Thanks to Mike McNally of Callawassie Island for sharing his tongue-in-cheek look at politics after following the "American Idol" television show.

"White House Idol"

By Mike McNally

The recent excitement of "American Idol" had Beaufort County and the entire nation voting with enthusiasm after watching candidate performances. The beauty of the show is that a winner was selected in just a few months. No nasty ads, no constant talk show rants, no expensive campaigns and roadside sign litter -- and all done with a few TV shows and voting. Sure, you can vote twice, even a lot more than that if you want to, but so what?

U.S. politics has become a grueling mix of constant political rhetoric and gamesmanship. Politics has been a major social disruption, and in the end, there's an election left up to the long and often disputed methodology of the Electoral College to decide the winner.

This raises the question as to why we shouldn't just get rid of the Electoral College and adopt the tremendously successful and interesting "American Idol" program for national politics. Yes, let's have White House Idol.

Use the same rules as the show, with a few twists to make it more interesting and to keep it honest. Let the panel of judges be one biased commentator from each network ... each can say whatever he or she wants ... "You're in it to win it!"; "My leg is tingling!" or whatever, but the call-in votes decide.

OK, how do we cut out the underaged voters? We don't. To make everything perfectly fair, anyone who has enough interest to vote can vote. If you want to run up the votes, just like the fans do on "American Idol," go for it. Let the PACs spend whatever they want on voting ... hey, it's the American way. Everybody is involved, everybody decides, and the winner will be the top vote-getter. No political parties, no more election garbage cluttering our media, minds, and roadways.

The candidates could do whatever they want when they are in the spotlight: talk, expound their political credentials or experience; they can also sing, dance, tell lies, or whatever they think it will take to make them the White House Idol.

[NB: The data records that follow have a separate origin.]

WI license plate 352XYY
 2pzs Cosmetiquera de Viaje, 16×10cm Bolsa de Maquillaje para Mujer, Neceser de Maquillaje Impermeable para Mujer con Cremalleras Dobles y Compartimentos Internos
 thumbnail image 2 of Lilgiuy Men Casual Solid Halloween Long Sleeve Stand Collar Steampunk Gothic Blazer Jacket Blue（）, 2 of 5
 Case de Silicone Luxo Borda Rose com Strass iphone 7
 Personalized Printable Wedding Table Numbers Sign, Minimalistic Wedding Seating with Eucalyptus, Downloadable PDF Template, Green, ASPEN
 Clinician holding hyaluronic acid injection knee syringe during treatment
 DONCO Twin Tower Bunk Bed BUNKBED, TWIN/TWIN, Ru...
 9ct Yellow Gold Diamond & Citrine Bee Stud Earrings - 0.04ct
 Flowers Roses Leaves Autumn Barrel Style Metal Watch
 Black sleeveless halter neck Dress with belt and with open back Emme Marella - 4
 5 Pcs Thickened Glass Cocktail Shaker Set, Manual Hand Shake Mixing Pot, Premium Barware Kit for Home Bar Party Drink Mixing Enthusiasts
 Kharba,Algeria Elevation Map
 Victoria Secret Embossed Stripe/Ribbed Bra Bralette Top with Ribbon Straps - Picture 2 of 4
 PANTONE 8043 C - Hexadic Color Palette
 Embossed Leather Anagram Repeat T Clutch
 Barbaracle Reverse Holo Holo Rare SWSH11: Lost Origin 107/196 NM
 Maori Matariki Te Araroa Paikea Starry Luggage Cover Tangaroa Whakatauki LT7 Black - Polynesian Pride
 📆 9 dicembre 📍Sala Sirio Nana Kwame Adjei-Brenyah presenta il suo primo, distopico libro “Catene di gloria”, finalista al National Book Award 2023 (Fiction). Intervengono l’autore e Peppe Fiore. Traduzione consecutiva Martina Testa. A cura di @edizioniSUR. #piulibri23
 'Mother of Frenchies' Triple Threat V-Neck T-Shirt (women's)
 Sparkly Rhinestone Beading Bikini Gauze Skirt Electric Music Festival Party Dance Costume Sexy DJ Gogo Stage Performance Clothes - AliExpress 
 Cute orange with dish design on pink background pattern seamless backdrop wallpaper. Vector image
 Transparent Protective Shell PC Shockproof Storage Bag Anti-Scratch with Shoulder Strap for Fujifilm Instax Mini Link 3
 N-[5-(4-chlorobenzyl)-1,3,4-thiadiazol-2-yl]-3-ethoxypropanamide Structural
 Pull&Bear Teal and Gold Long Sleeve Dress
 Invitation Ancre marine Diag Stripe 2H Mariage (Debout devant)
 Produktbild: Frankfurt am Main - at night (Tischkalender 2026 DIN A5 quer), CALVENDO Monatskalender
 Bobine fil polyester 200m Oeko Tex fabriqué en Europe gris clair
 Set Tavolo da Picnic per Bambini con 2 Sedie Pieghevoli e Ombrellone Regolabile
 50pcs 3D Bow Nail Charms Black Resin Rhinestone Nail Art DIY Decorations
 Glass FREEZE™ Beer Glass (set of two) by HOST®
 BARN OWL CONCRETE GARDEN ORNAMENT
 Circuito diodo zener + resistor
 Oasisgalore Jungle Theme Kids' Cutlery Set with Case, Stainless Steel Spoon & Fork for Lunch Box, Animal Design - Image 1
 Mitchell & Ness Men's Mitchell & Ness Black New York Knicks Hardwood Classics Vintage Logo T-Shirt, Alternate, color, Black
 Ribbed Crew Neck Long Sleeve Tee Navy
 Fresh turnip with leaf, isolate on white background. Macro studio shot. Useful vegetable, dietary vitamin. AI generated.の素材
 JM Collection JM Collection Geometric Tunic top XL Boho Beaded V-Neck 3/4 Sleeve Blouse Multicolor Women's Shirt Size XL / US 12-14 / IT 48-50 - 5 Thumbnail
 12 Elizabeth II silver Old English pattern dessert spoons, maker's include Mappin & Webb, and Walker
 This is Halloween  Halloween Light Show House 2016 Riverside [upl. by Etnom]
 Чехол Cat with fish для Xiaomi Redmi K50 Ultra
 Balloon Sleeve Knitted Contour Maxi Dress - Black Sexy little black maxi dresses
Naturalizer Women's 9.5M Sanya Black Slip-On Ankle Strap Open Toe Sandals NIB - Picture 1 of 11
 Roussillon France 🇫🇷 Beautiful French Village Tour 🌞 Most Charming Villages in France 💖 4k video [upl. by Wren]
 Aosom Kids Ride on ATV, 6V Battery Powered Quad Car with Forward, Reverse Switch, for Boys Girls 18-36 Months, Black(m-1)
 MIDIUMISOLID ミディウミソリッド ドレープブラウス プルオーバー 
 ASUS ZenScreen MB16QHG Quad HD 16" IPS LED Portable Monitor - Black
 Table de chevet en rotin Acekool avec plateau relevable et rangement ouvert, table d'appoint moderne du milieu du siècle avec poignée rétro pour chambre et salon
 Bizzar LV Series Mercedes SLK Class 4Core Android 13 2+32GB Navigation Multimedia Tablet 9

Here's a good idea for when it gets to the Final Two. The panel of judges gets to ask each of the two remaining candidates questions, about anything, including what they may have said in earlier competitions. But the contestants have to be hooked up to a lie detector, so viewers can see the Truth-Lie results of any question. A lie might not be all that bad; as a matter of fact some folks might like the answer.

The rules should allow, or even encourage, lying to make the contestants more comfortable and the competition more politically familiar. Then the public can be left to pass the judgment via their votes, with complete knowledge of what the lies were. Now wouldn't that be refreshing?

I don't know about you, but I'm ready for White House Idol.